#!/usr/bin/env python3
"""
YAML parsing benchmark harness for ChunkHound.
This script compares multiple parsing backends (PyYAML, tree-sitter/cAST,
RapidYAML arena reuse, RapidYAML in-place reuse) across a repeatable set of
synthetic or user-supplied YAML documents. Results include latency, throughput,
and reproducible metadata (case sizes + hashes).
Usage:
uv run python scripts/bench_yaml.py
uv run python scripts/bench_yaml.py --cases-dir ./my-fixtures --iterations 10
"""
from __future__ import annotations
import argparse
import gc
import hashlib
import json
import os
import platform
import statistics
import subprocess
import sys
from dataclasses import dataclass, field
from pathlib import Path
from time import perf_counter
from typing import Callable, Iterable, Sequence
REPO_ROOT = Path(__file__).resolve().parents[1]
# ---------------------------------------------------------------------------
# Benchmark case generation
# ---------------------------------------------------------------------------
@dataclass(slots=True)
class BenchmarkCase:
"""Container for a benchmark input."""
name: str
description: str
text: str
origin: str
size_bytes: int = field(init=False)
sha256: str = field(init=False)
_bytes: bytes = field(init=False, repr=False)
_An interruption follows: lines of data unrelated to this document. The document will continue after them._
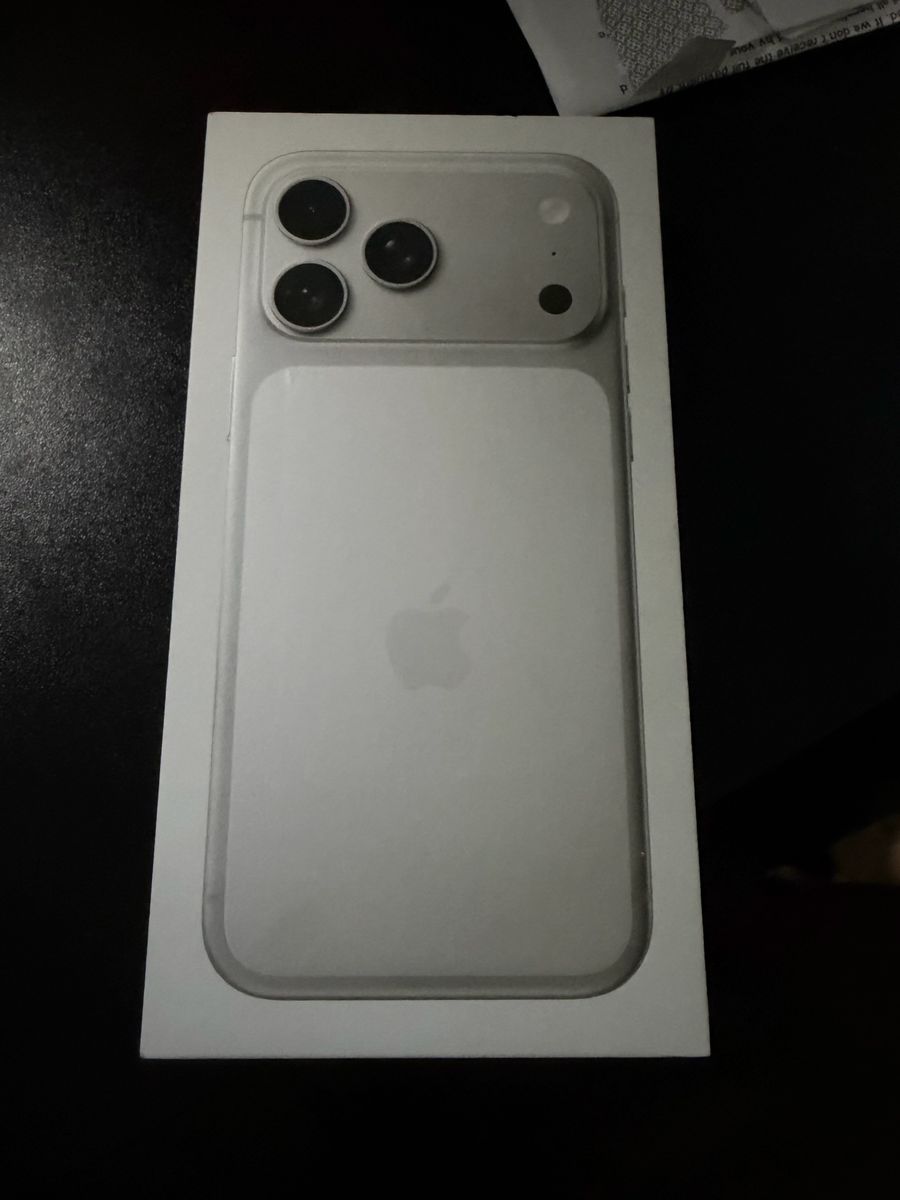 iPhone 17 pro max unlocked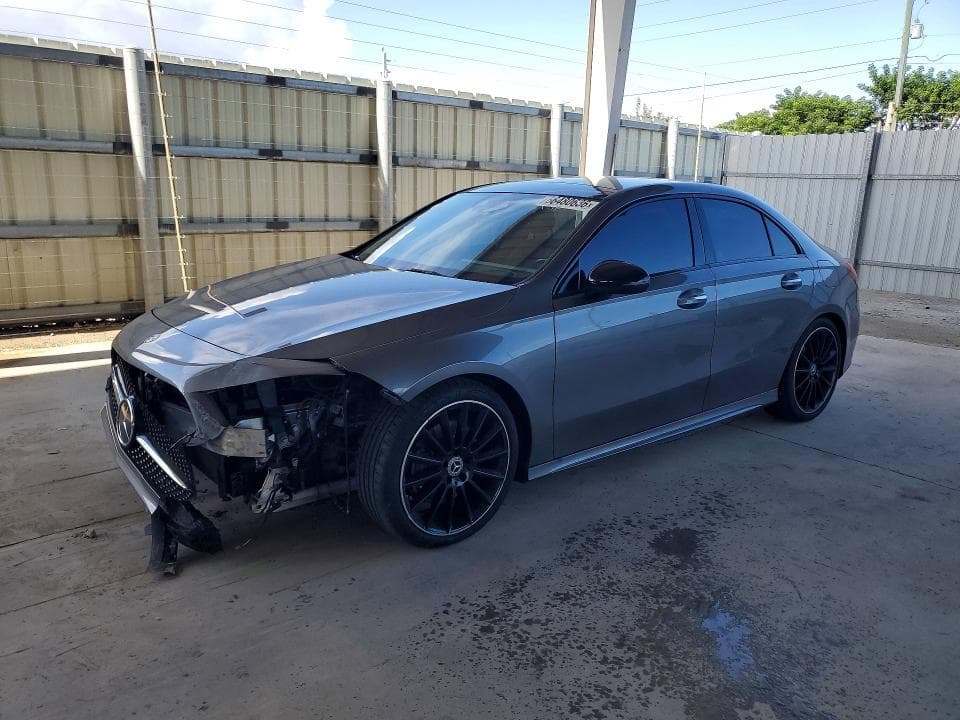 2019 MERCEDES-BENZ A 220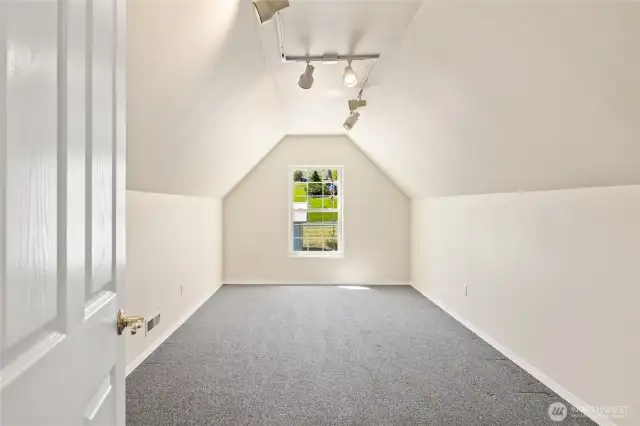 Bonus room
def __post_init__(self) -> None:
encoded = self.text.encode("utf-8")
self._bytes = encoded
self.size_bytes = len(encoded)
self.sha256 = hashlib.sha256(encoded).hexdigest()
@property
def bytes(self) -> bytes:
return self._bytes
def _render_service_block(
services: int, env_vars: int, volumes: int, indent: int = 2
) -> str:
pad = " " * indent
lines: list[str] = ["services:"]
for svc in range(services):
lines.extend(
[
f"{pad}service_{svc}:",
f"{pad*2}image: ghcr.io/example/service:{svc % 7}",
f"{pad*2}restart: always",
f"{pad*2}deploy:",
f"{pad*3}replicas: {(svc % 5) + 1}",
f"{pad*3}resources:",
f"{pad*4}limits:",
f"{pad*5}cpus: '{0.5 + (svc % 4) / 10:.1f}'",
f"{pad*5}memory: '{256 + (svc % 8) * 32}Mi'",
f"{pad*3}placement:",
f"{pad*4}constraints:",
f"{pad*5}- 'node.labels.dc=={svc % 3}'",
f"{pad*2}environment:",
]
)
for env in range(env_vars):
lines.append(
f"{pad*3}SERVICE_{svc}_VAR_{env}: value_{svc}_{env}"
)
lines.append(f"{pad*2}volumes:")
for vol in range(volumes):
lines.append(
f"{pad*3}- type: bind\n"
f"{pad*4}source: /data/service_{svc}/vol_{vol}\n"
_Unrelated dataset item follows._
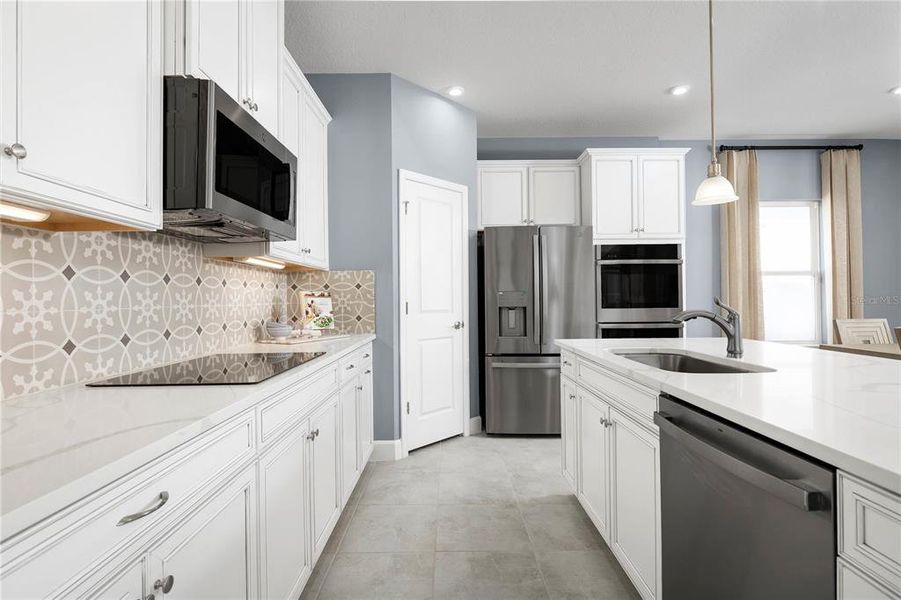 Furnished interior view inside a new home in Avalon Woods, Lakewood Ranch (Image 19).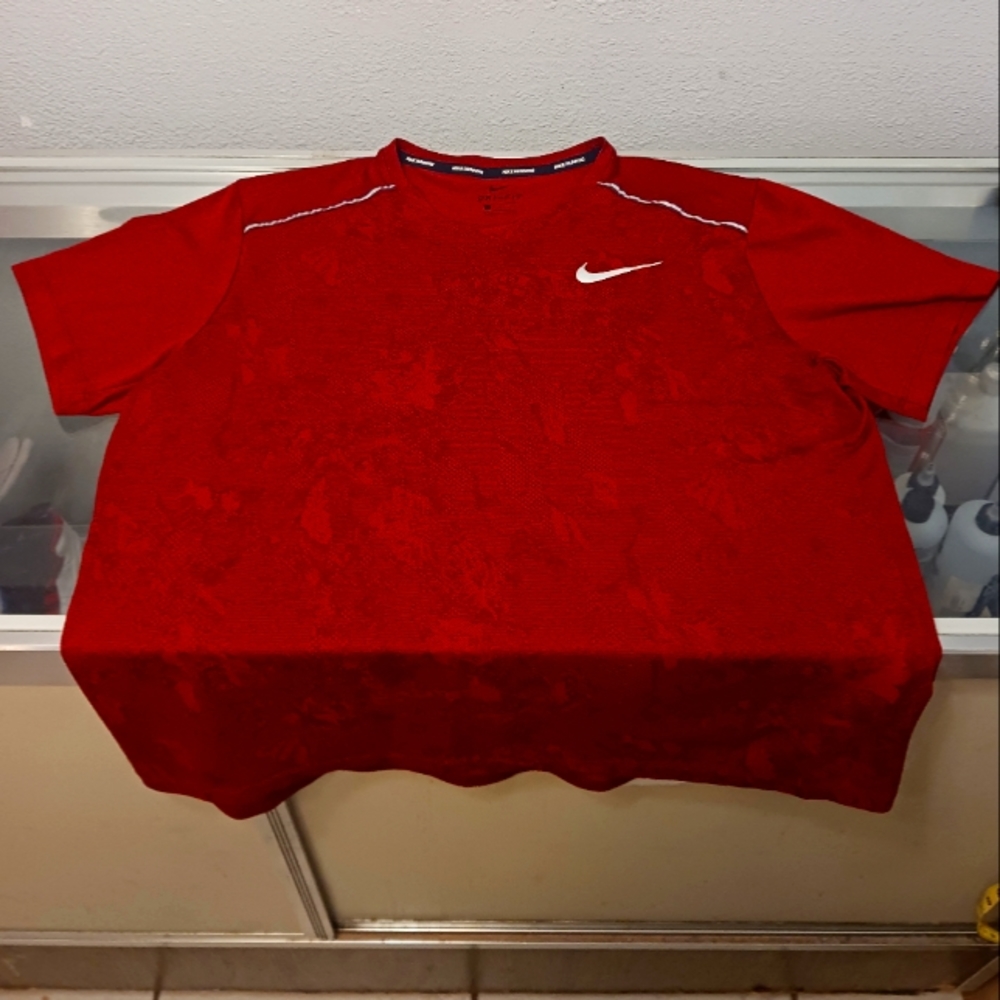 Nike Dri Fit Running Shirt 🎽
f"{pad*4}target: /app/data/vol_{vol}"
)
return "\n".join(lines)
def _render_pipeline_block(stages: int, jobs_per_stage: int) -> str:
lines = ["stages:"]
lines.extend([f" - stage_{idx}" for idx in range(stages)])
lines.append("")
for stage in range(stages):
for job in range(jobs_per_stage):
name = f"job_{stage}_{job}"
lines.extend(
[
f"{name}:",
f" stage: stage_{stage}",
" script:",
" - make lint",
" - make test",
" cache:",
" paths:",
" - node_modules/",
" - .mypy_cache/",
" rules:",
" - if: '$CI_COMMIT_BRANCH == \"main\"'",
" when: always",
" - when: manual",
"",
]
)
return "\n".join(lines)
def _render_multi_doc(documents: int, depth: int) -> str:
lines: list[str] = []
for doc in range(documents):
lines.append("---")
lines.append(f"document: {doc}")
lines.append("matrix:")
indent = " "
for level in range(depth):
lines.append(f"{indent * (level + 1)}level_{level}:")
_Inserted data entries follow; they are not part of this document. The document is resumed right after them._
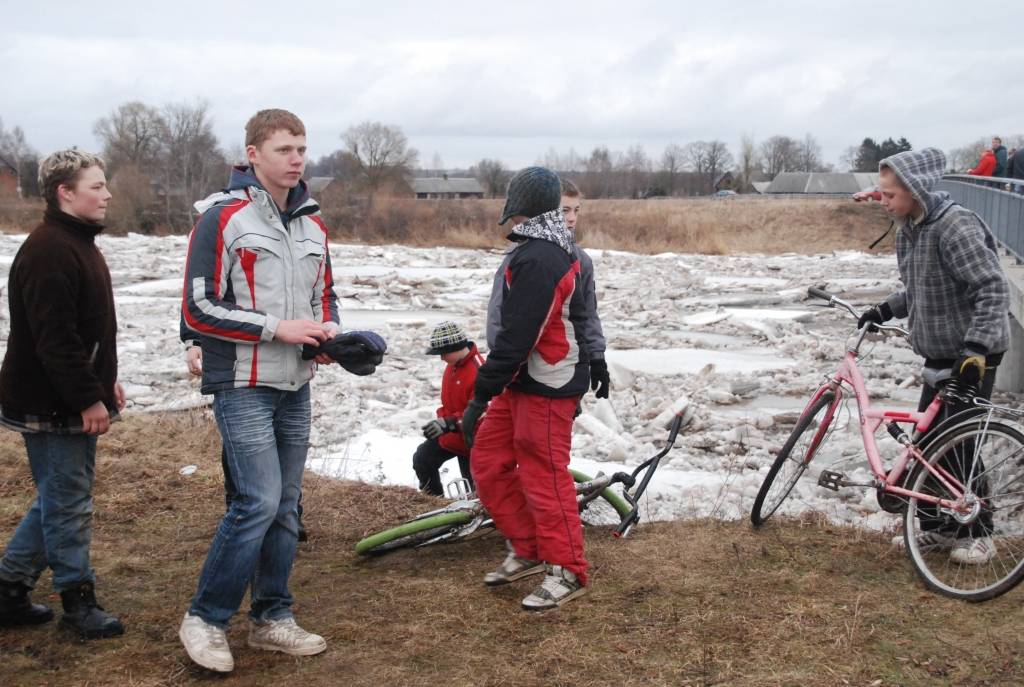 Vakar, 24. martā, kad vietējos apšalca ziņa, ka, iespējams, tiks spridzināts ledus Bārtas upē, situāciju brauca pētīt daudzi ziņkārīgie - atbraukuši bija gan no Liepājas, Rucavas, Grobiņas un citurienes. Šodien, 25. martā, tiek ziņots, ka...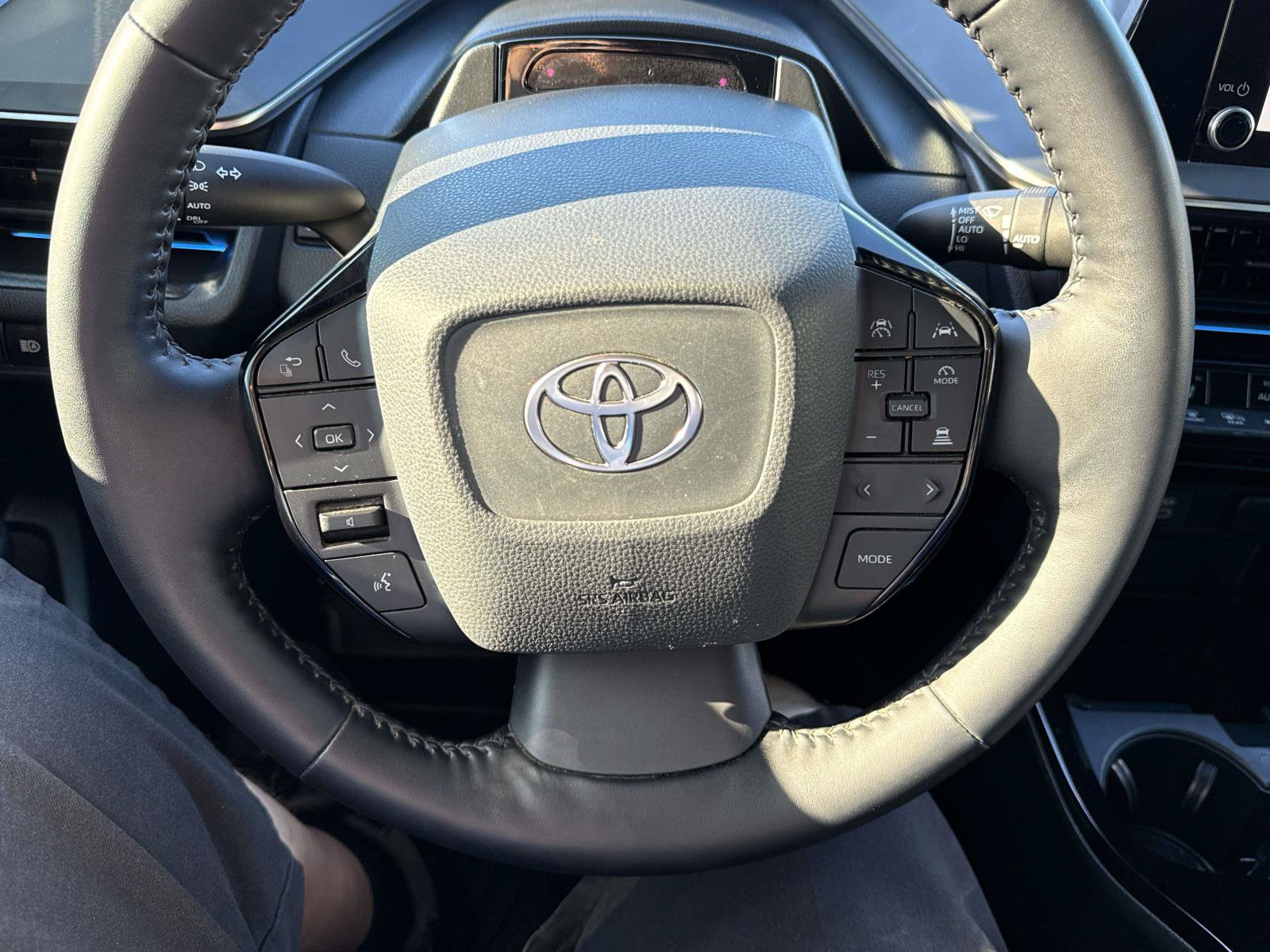 Used 2026 Toyota Prius Plug-In Hybrid FWD image 27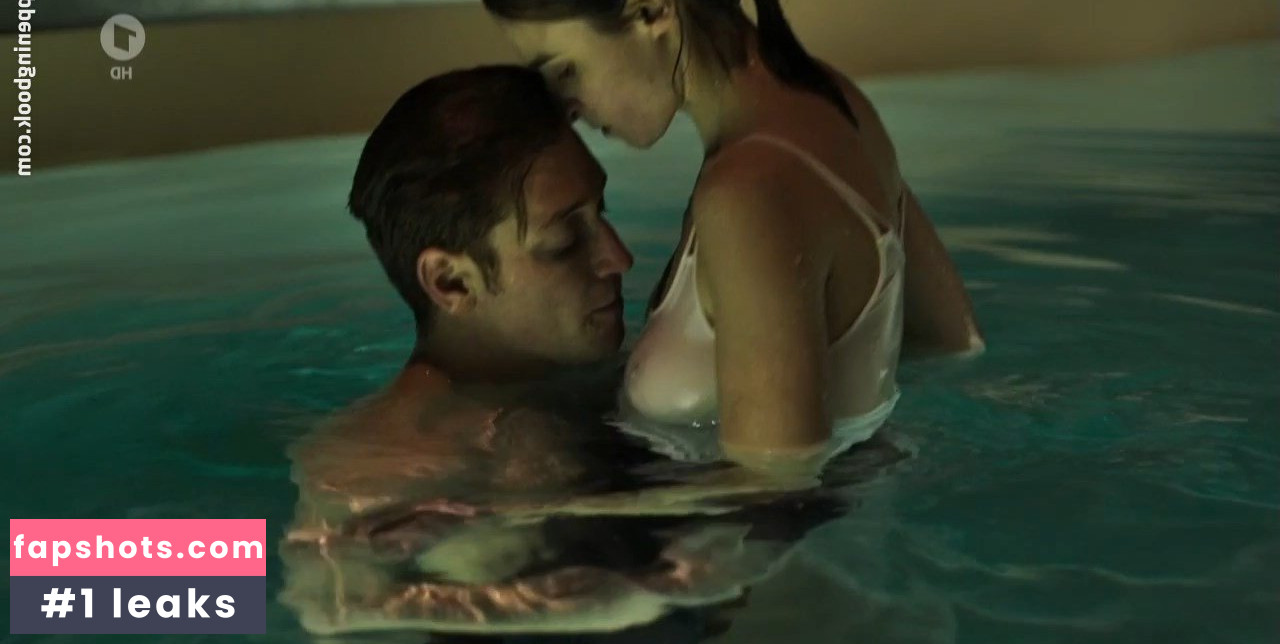 Karin Hanczewski gallery photo #19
for row in range(depth * 2):
lines.append(f"{indent * depth}- item_{doc}_{row}")
lines.append("...")
return "\n".join(lines)
def generate_default_cases() -> list[BenchmarkCase]:
"""Produce deterministic synthetic YAML cases sized for benchmarking."""
cases = [
BenchmarkCase(
name="ci_small",
description="CI pipeline with 4 stages x 3 jobs (≈3KB)",
text=_render_pipeline_block(stages=4, jobs_per_stage=3),
origin="synthetic",
),
BenchmarkCase(
name="services_medium",
description="Service mesh config with 35 services (≈60KB)",
text=_render_service_block(services=35, env_vars=12, volumes=3),
origin="synthetic",
),
BenchmarkCase(
name="services_large",
description="Service mesh config with 200 services (≈320KB)",
text=_render_service_block(services=200, env_vars=16, volumes=6),
origin="synthetic",
),
BenchmarkCase(
name="multidoc_stack",
description="50 multi-document blocks with nested sequences",
text=_render_multi_doc(documents=50, depth=6),
origin="synthetic",
),
]
return cases
def load_cases_from_dir(case_dir: Path) -> list[BenchmarkCase]:
"""Load .yml/.yaml files from a directory recursively."""
if not case_dir.exists():
raise FileNotFoundError(f"Case directory not found: {case_dir}")
files = sorted(
[
path
for pattern in ("*.yml", "*.yaml")
for path in case_dir.rglob(pattern)
if path.is_file()
]
)
cases: list[BenchmarkCase] = []
for path in files:
text = path.read_text(encoding="utf-8")
rel = path.relative_to(REPO_ROOT) if path.is_relative_to(REPO_ROOT) else path
cases.append(
BenchmarkCase(
name=path.stem,
description=f"Fixture from {rel}",
text=text,
origin=str(rel),
)
)
return cases
# ---------------------------------------------------------------------------
# Backend implementations
# ---------------------------------------------------------------------------
class BackendError(Exception):
"""Raised when a backend cannot be initialized."""
class BenchmarkBackend:
"""Interface for benchmark backends."""
name: str
def run(self, case: BenchmarkCase) -> None:
raise NotImplementedError
class PyYAMLBackend(BenchmarkBackend):
name = "pyyaml_safe_load"
def __init__(self) -> None:
try:
import yaml
except ImportError as exc: # pragma: no cover - controlled by env
raise BackendError(
"PyYAML is required; install with 'uv add pyyaml'"
) from exc
self._yaml = yaml
def run(self, case: BenchmarkCase) -> None:
list(self._yaml.safe_load_all(case.text))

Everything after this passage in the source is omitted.